|
> UTF8 is only superior in encoding the american keyboard (7 bits of ascii). All the latin letters map to 1 byte encodings. In practice, basic 7-bit ASCII characters dominate a lot of texts, even those in East-Asian languages, as all the markup and such around the actual text is almost always in plain ASCII. For example, if I request a Japanese document from a HTTP server then the HTTP headers, HTML tags, CSS is all in single-byte characters. Of course, there are still many scenarios where UTF-16 "wins" in terms of size – especially with plain text – but real-world size comparisons tend to be a bit more tricky. For example, for the current Wikipedia homepage of ja, zh, and ko: % file *
ja-16.htm: HTML document, Unicode text, UTF-16, little-endian text, with very long lines (2709)

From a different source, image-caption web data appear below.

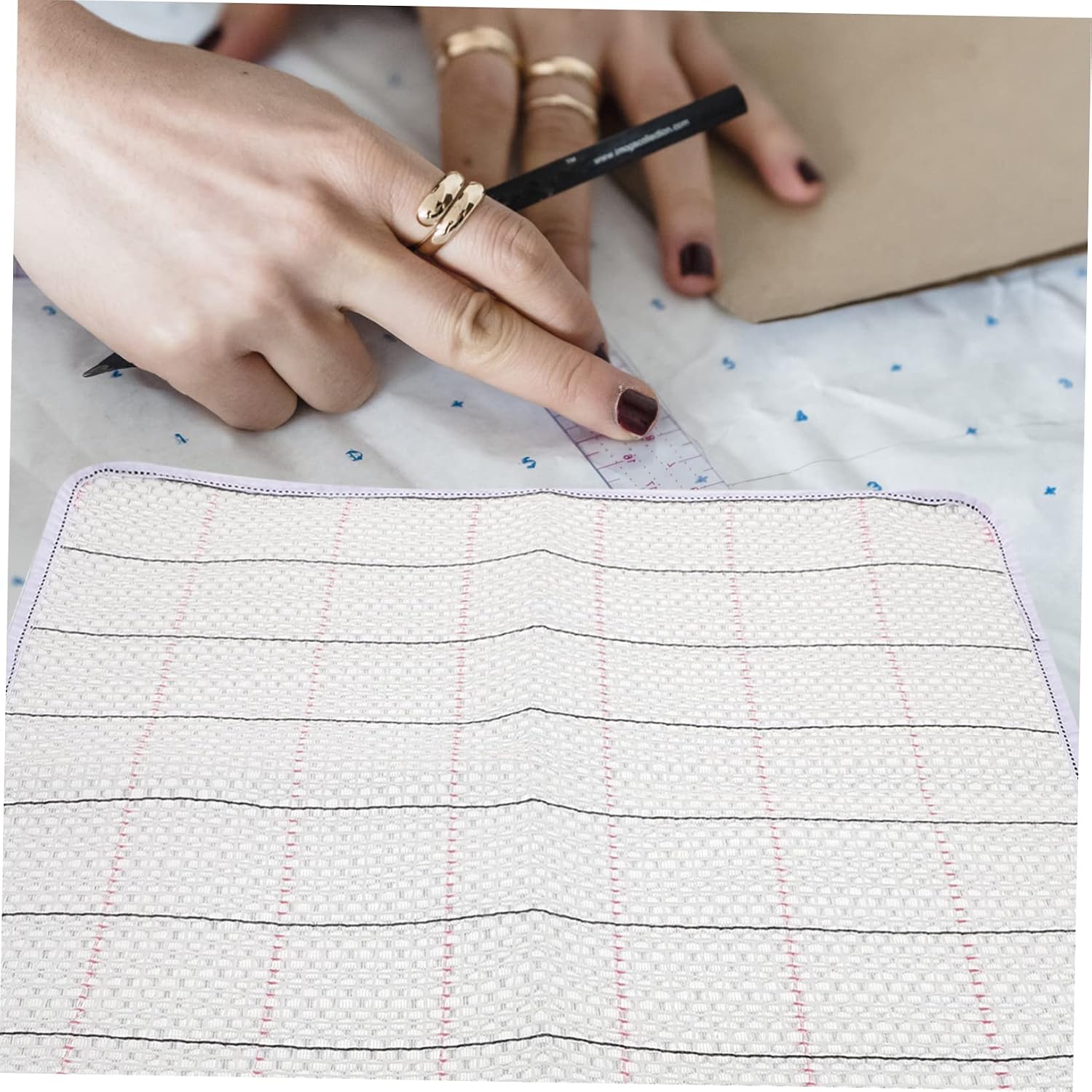 Hohopeti Cross Fabric for Handicrafts Embroidery Mesh Cloth Carpet Hooking Material for Rug Making and Home Decor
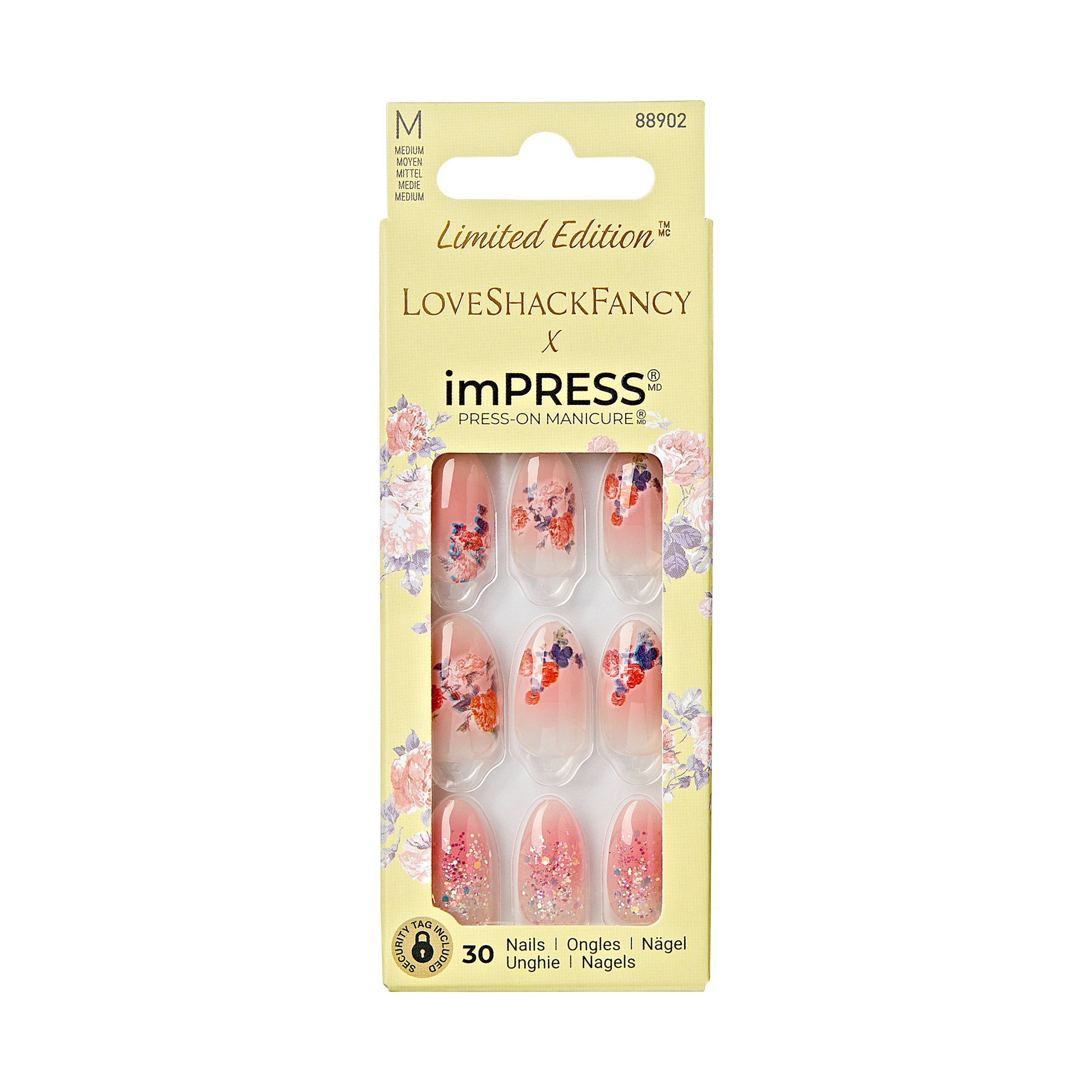 slide 1 of 5, imPRESS LoveShackFancy x imPRESS Limited Edition Medium Almond Press-On Nails, Pink, 30 Pieces, 1 ct
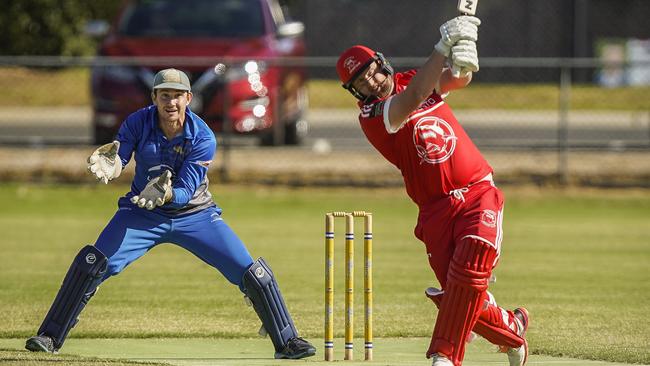 Bobby Wilson hitting a six. Picture: Valeriu Campan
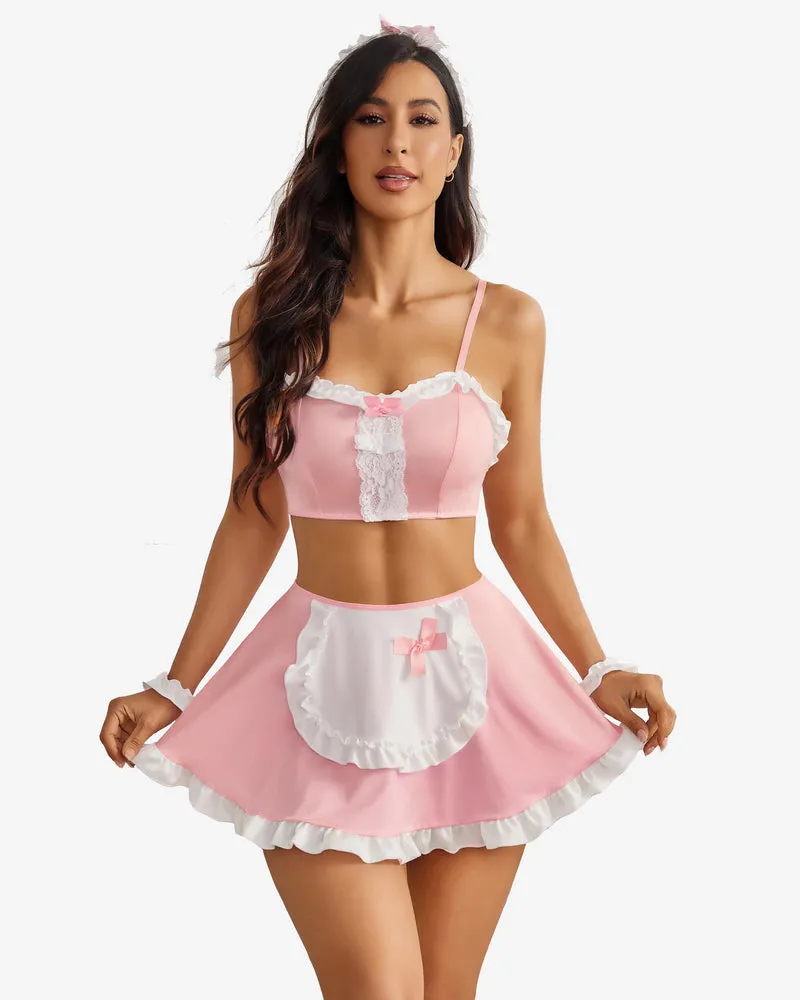 Ruffle French Maid Outfit with Headpiece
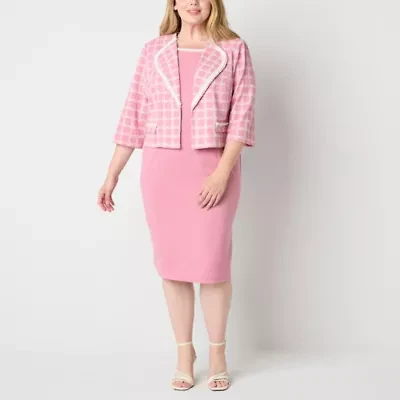 Maya Brooke Womens Pearl Trim Plaid Jacket Dress Plus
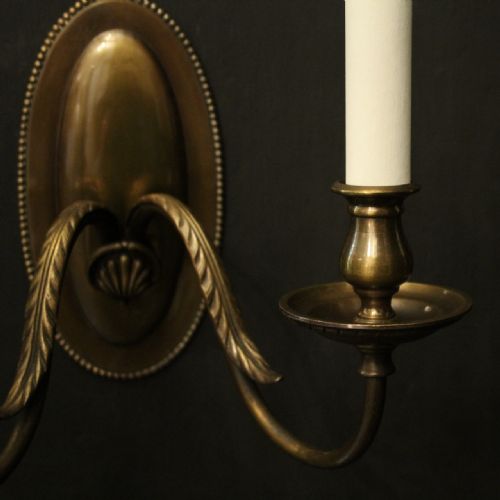 ENGLISH PAIR OF BRASS TWIN ARM ANTIQUE WALL LIGHTS - ADDITIONAL PHOTO 2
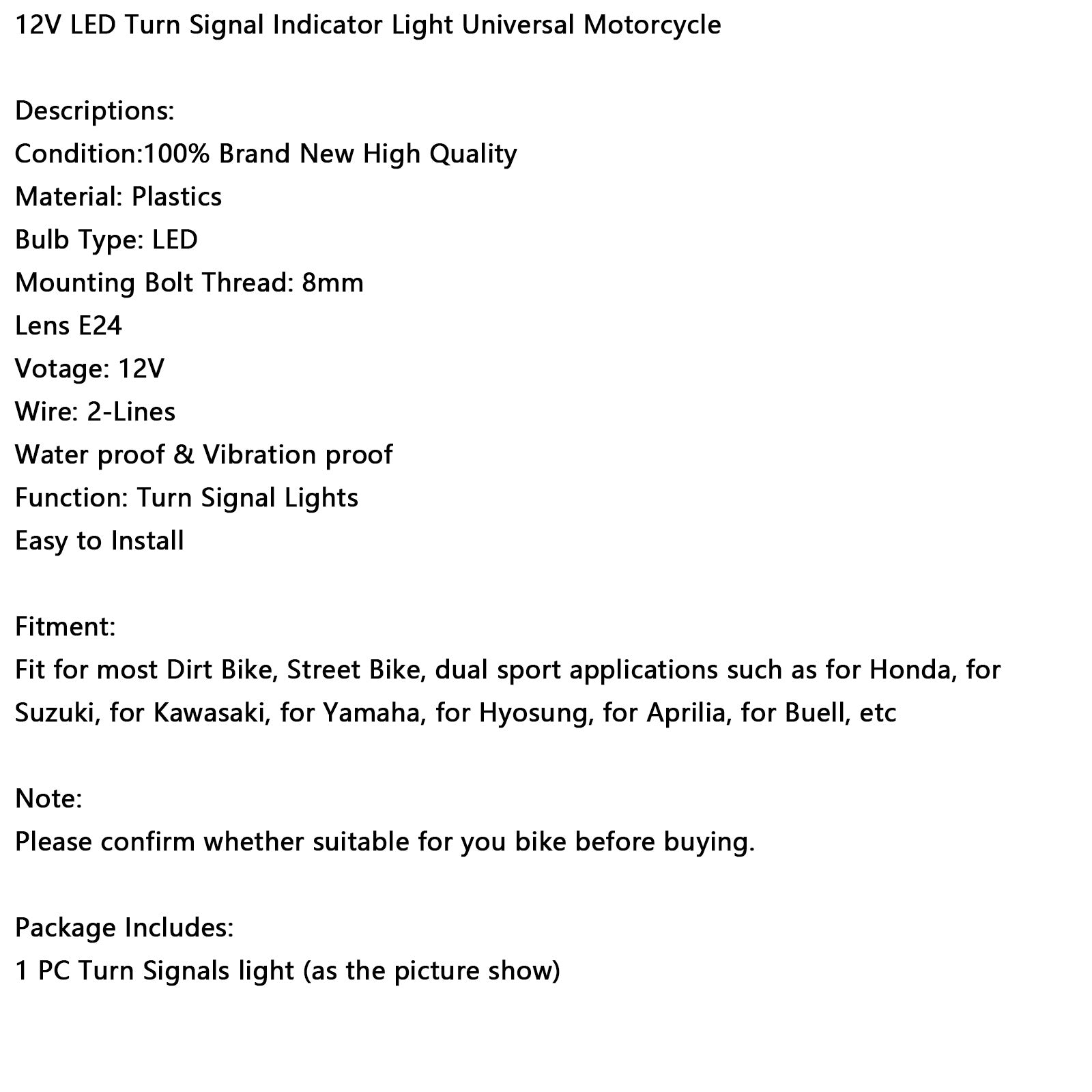 12V LED -blinkersindikatorljus 8mm universell motorcykel för Kawasaki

ja-8.htm: HTML document, Unicode text, UTF-8 text, with very long lines (2709)
ko-16.htm: HTML document, Unicode text, UTF-16, little-endian text, with very long lines (2503)
ko-8.htm: HTML document, Unicode text, UTF-8 text, with very long lines (2656)
zh-16.htm: HTML document, Unicode text, UTF-16, little-endian text, with very long lines (5589)
zh-8.htm: HTML document, Unicode text, UTF-8 text, with very long lines (5589)
% ls -lh
210K ja-16.htm
118K ja-8.htm
193K ko-16.htm
106K ko-8.htm
189K zh-16.htm
104K zh-8.htm
The UTF-16 versions are all larger (and that's just the HTML, excluding the CSS, JS, etc).I wrote a small script to count the number of "wide" multibyte characters: ja-8.htm 100,808 7-bit characters; 19,026 wide characters
ko-8.htm 93,888 7-bit characters; 14,149 wide characters
zh-8.htm 91,589 7-bit characters; 14,360 wide characters
It was higher than I expected, although not that surprising when looking at the
source when you have things like: <div class="vector-page-toolbar">
<div class="vector-page-toolbar-container">
<div id="left-navigation">
<nav aria-label="名前空間">
|